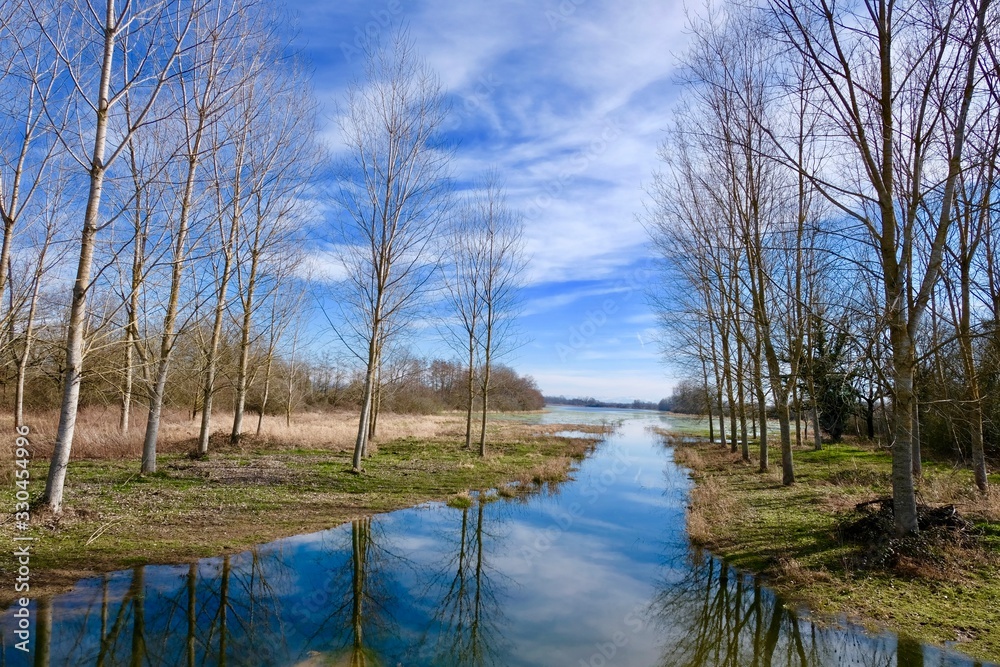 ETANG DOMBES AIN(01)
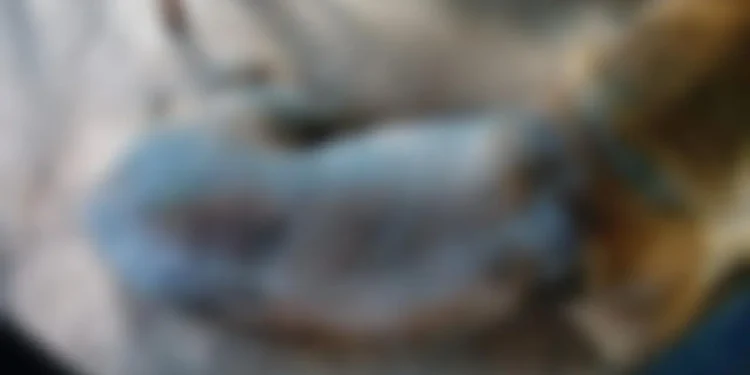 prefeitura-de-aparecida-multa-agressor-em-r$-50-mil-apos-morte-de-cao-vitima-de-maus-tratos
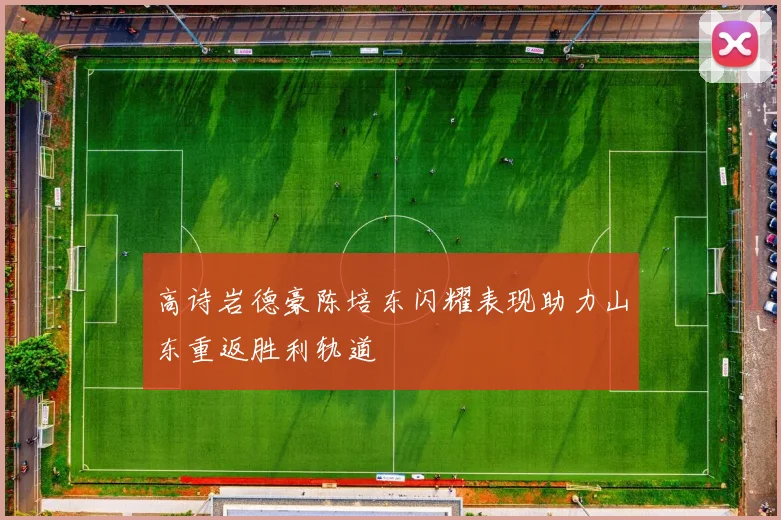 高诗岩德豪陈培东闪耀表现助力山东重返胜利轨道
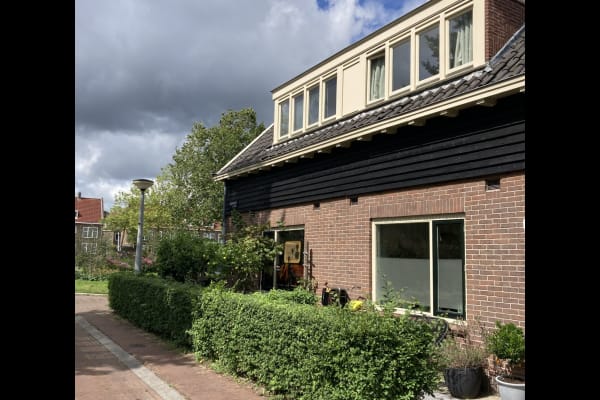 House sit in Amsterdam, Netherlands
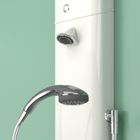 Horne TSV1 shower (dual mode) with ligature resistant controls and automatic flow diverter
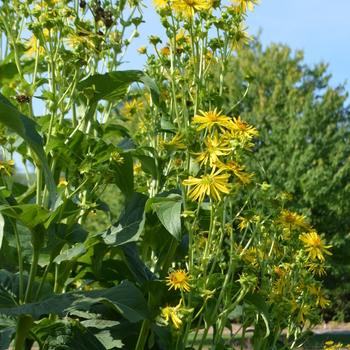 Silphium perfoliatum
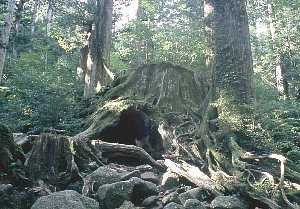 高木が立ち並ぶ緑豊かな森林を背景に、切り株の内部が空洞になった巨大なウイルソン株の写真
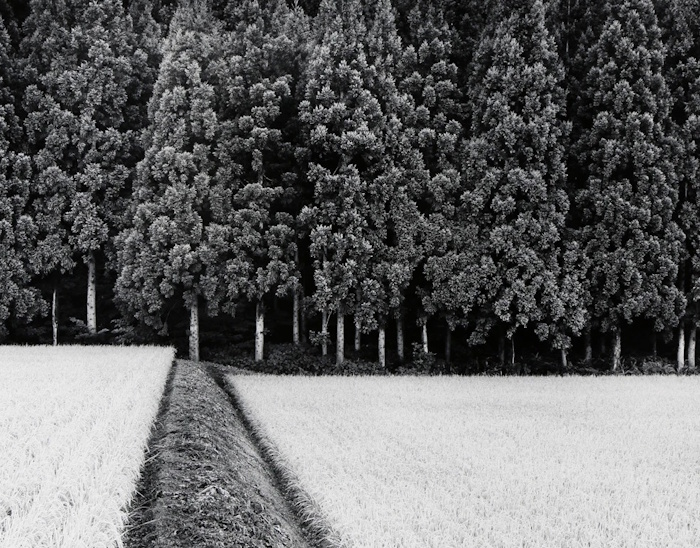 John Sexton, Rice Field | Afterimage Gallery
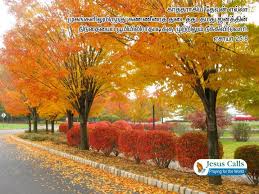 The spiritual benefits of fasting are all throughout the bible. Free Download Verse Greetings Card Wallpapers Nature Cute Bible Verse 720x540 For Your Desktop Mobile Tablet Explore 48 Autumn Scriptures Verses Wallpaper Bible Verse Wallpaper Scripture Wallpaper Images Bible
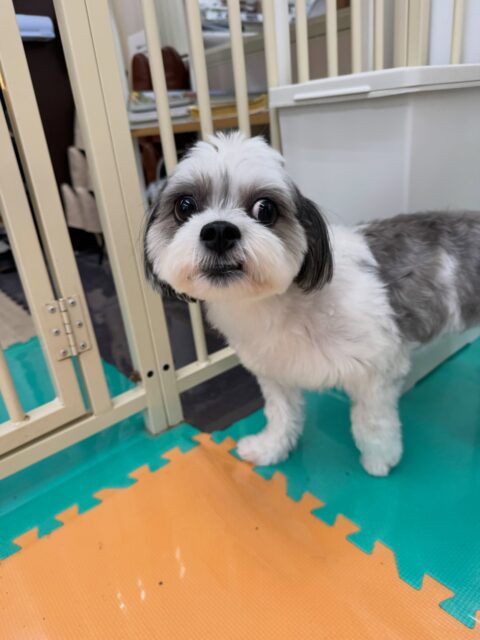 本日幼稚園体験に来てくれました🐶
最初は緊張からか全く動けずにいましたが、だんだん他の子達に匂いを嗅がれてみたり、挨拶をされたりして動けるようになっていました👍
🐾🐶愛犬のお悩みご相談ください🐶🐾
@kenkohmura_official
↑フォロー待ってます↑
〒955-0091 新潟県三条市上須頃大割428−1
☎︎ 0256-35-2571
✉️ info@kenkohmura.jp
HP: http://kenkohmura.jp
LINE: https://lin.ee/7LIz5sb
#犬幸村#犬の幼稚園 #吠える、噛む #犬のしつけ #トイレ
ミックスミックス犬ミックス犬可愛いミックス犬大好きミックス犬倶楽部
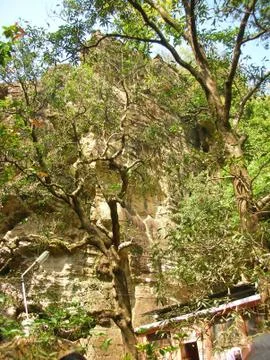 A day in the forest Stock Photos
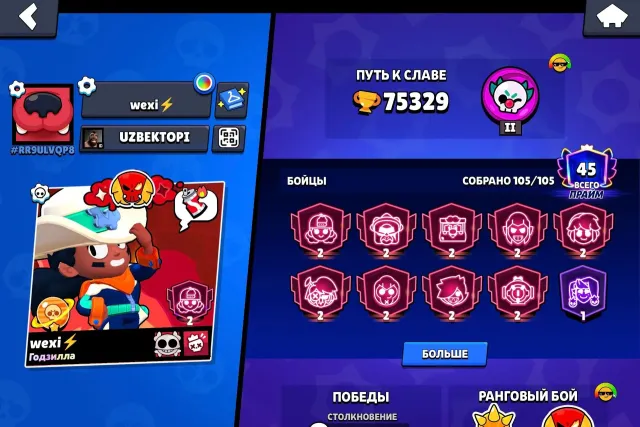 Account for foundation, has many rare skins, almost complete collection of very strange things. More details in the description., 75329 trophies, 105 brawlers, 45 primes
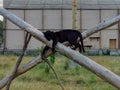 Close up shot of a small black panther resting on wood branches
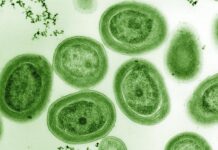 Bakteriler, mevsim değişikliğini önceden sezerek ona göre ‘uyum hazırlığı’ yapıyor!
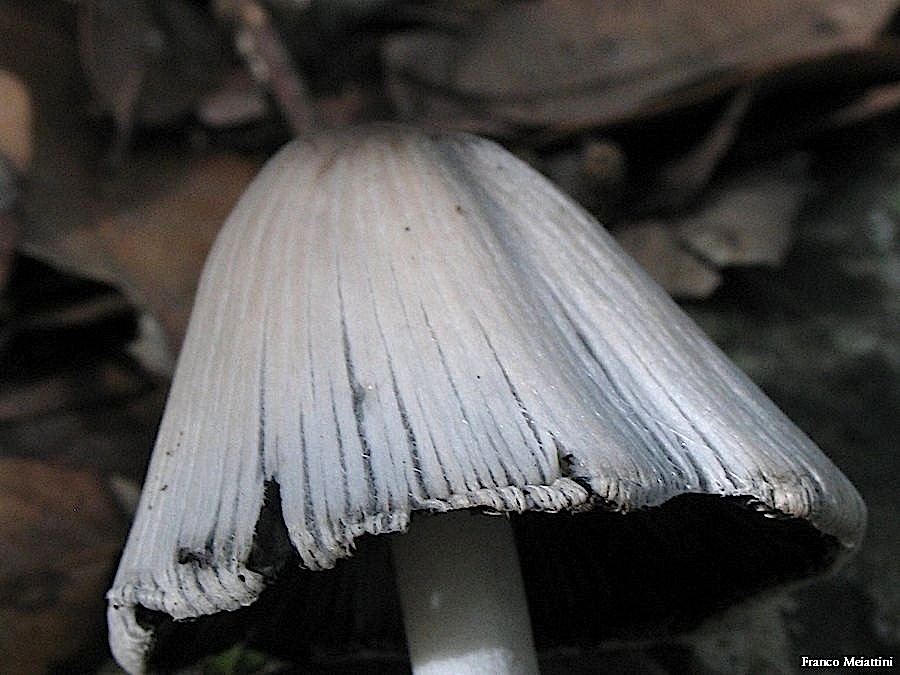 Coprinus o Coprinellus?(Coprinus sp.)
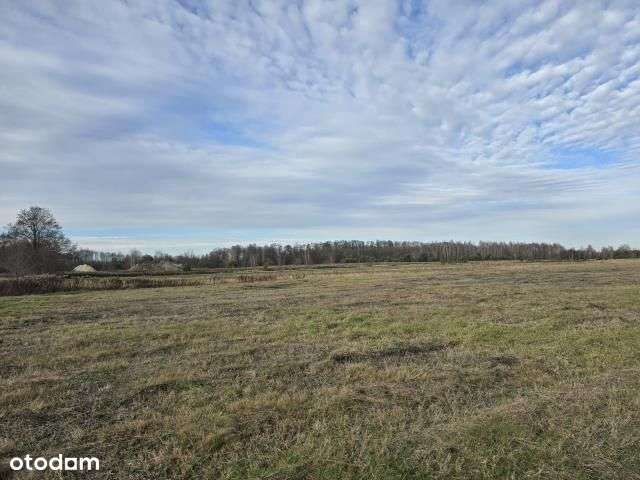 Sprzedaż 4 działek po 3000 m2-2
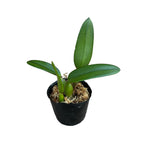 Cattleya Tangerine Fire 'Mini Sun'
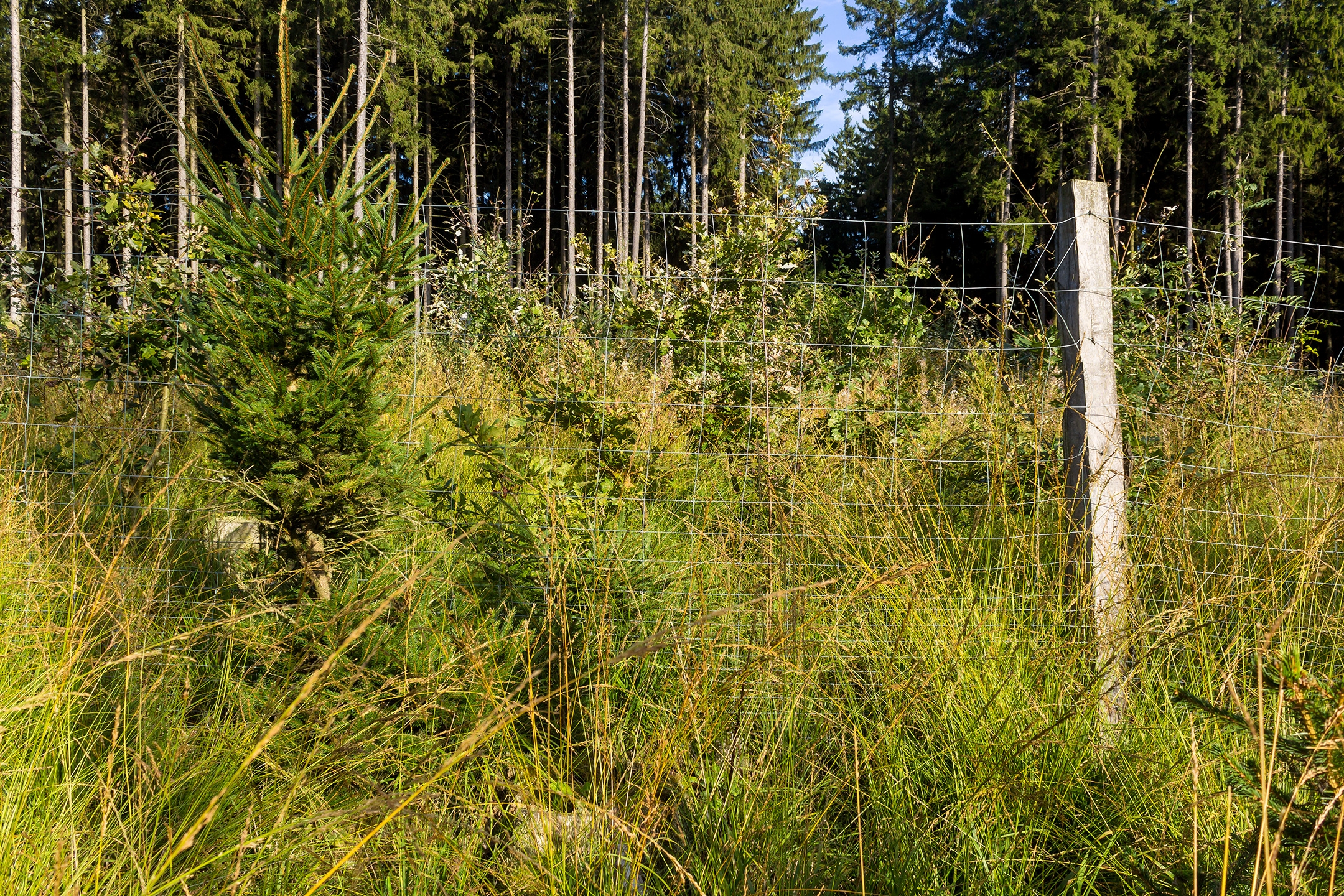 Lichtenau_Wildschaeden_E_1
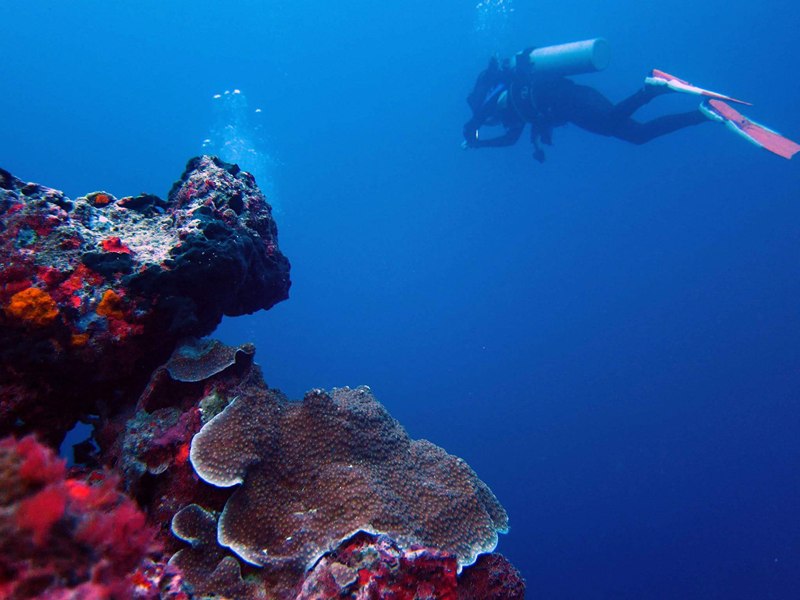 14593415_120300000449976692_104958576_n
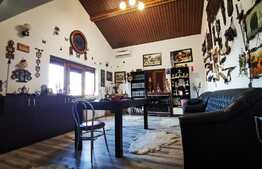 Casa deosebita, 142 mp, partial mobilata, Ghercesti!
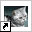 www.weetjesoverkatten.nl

----------------------------------------

→ **WORK TO COMPLETE**
In transcribing the lines above, omit the images and keep all else exact.

→ **SOLUTION TO THIS EXERCISE**
 ETANG DOMBES AIN(01)
 prefeitura-de-aparecida-multa-agressor-em-r$-50-mil-apos-morte-de-cao-vitima-de-maus-tratos
 高诗岩德豪陈培东闪耀表现助力山东重返胜利轨道
 House sit in Amsterdam, Netherlands
 Horne TSV1 shower (dual mode) with ligature resistant controls and automatic flow diverter
 Silphium perfoliatum
 高木が立ち並ぶ緑豊かな森林を背景に、切り株の内部が空洞になった巨大なウイルソン株の写真
 John Sexton, Rice Field | Afterimage Gallery
 The spiritual benefits of fasting are all throughout the bible. Free Download Verse Greetings Card Wallpapers Nature Cute Bible Verse 720x540 For Your Desktop Mobile Tablet Explore 48 Autumn Scriptures Verses Wallpaper Bible Verse Wallpaper Scripture Wallpaper Images Bible
 本日幼稚園体験に来てくれました🐶
最初は緊張からか全く動けずにいましたが、だんだん他の子達に匂いを嗅がれてみたり、挨拶をされたりして動けるようになっていました👍
🐾🐶愛犬のお悩みご相談ください🐶🐾
@kenkohmura_official
↑フォロー待ってます↑
〒955-0091 新潟県三条市上須頃大割428−1
☎︎ 0256-35-2571
✉️ info@kenkohmura.jp
HP: http://kenkohmura.jp
LINE: https://lin.ee/7LIz5sb
#犬幸村#犬の幼稚園 #吠える、噛む #犬のしつけ #トイレ
ミックスミックス犬ミックス犬可愛いミックス犬大好きミックス犬倶楽部
 A day in the forest Stock Photos
 Account for foundation, has many rare skins, almost complete collection of very strange things. More details in the description., 75329 trophies, 105 brawlers, 45 primes
 Close up shot of a small black panther resting on wood branches
 Bakteriler, mevsim değişikliğini önceden sezerek ona göre ‘uyum hazırlığı’ yapıyor!
 Coprinus o Coprinellus?(Coprinus sp.)
 Sprzedaż 4 działek po 3000 m2-2
 Cattleya Tangerine Fire 'Mini Sun'
 Lichtenau_Wildschaeden_E_1
 14593415_120300000449976692_104958576_n
 Casa deosebita, 142 mp, partial mobilata, Ghercesti!
 www.weetjesoverkatten.nl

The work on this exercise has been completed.